Ive gotten the itch for a AR style rifle here the last few months (damn these long winters) and have come to the conclusion that the dpms rifles will suit my needs best, while not breaking my pocket book. I am looking at the .223/5.56 and would like a 18" or 20" bull barrel. I would like to buy this rifle bare bones (no sights, fact trigger, picatiny rail) and build it up myself with the options of my choice. I was on DPMS's website and they have soooo many models to chose from. What models have suited you guys best.

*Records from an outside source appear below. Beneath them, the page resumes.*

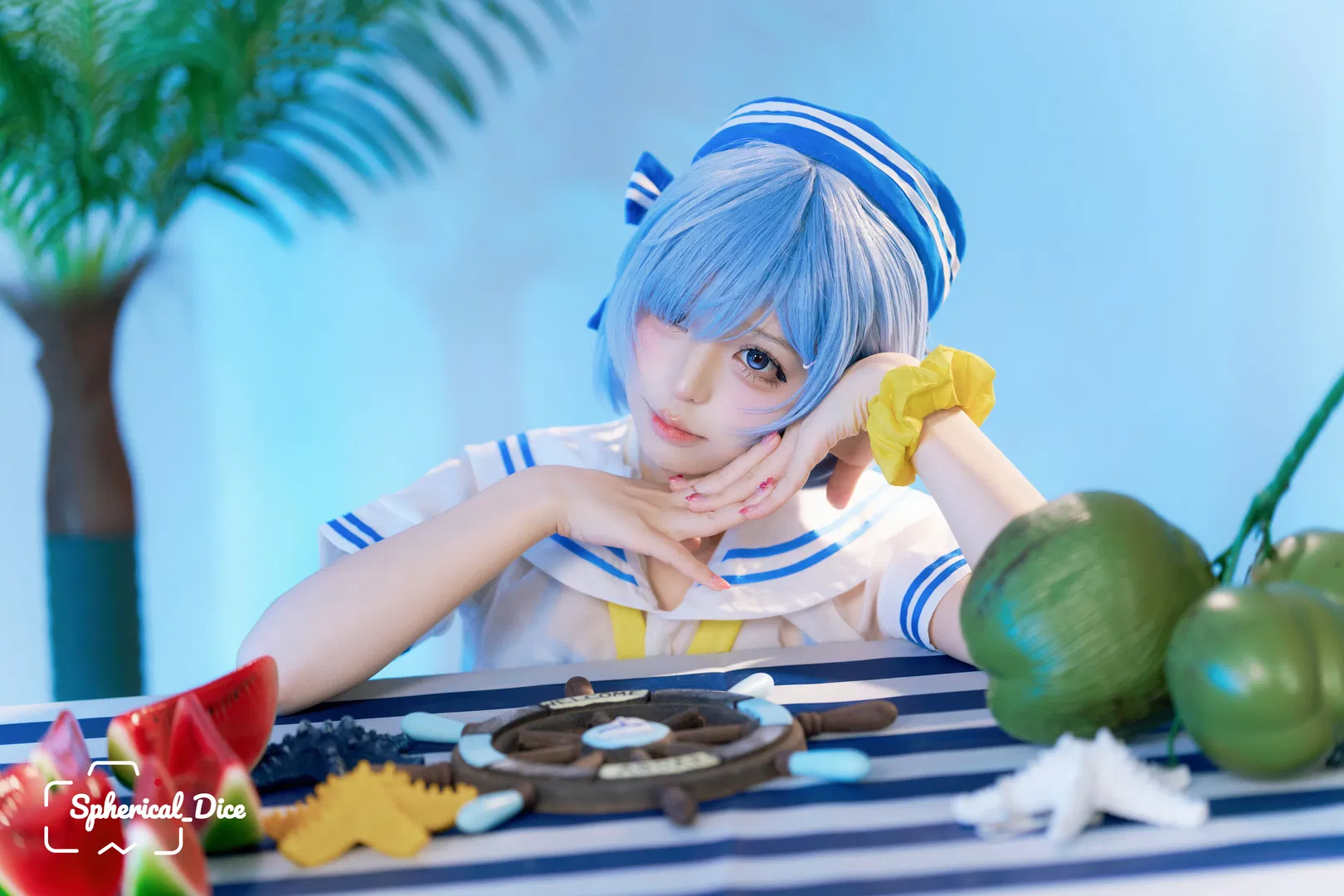 【蕾姆cos】从零开始的异世界生活，夏日水手服不一样的蓝白清凉 - 第 6 张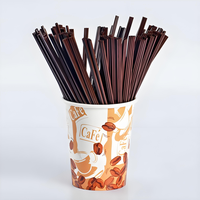 Produits en plastique PLA jetables anti-brûlure Emballage indépendant Ensemble de paille à café à trois trous Boissons à deux trous droites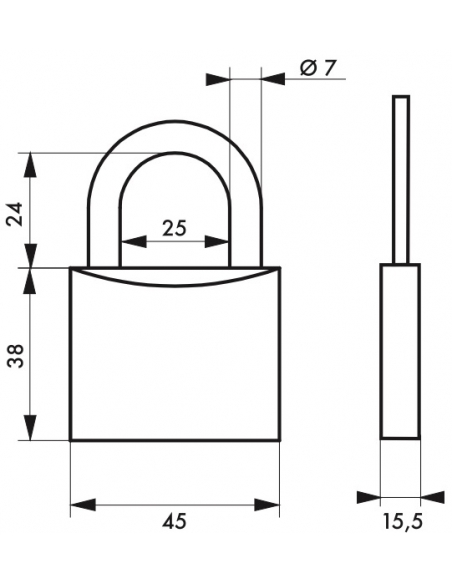Lucchetto con chiave SP, interno, 45 mm, arco in acciaio temprato, 2 chiavi - Serrurerie de Picardie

Im going to the MN weapons collectors gun show at the fair grounds in MN on the 19th and looking at probably finding one there if I can so any help you can give me would be greatly appreciated.

T.I.A.


----------



## Savage260 (Oct 21, 2007)

Just buy a stripped upper and lower and go from there. You can buy every part of the rifle as you want. That is what I did with mine


----------



## ZombieDown (Mar 13, 2011)

I actually did what you are wanting to do with a smith and wesson m&p 1500. I was able to buy the rifle and everything i wanted on it out of pocket was 1300. When I pull it out at the range everyone flocks to me with questions while drooling. Live dpms they will start a great platform.


----------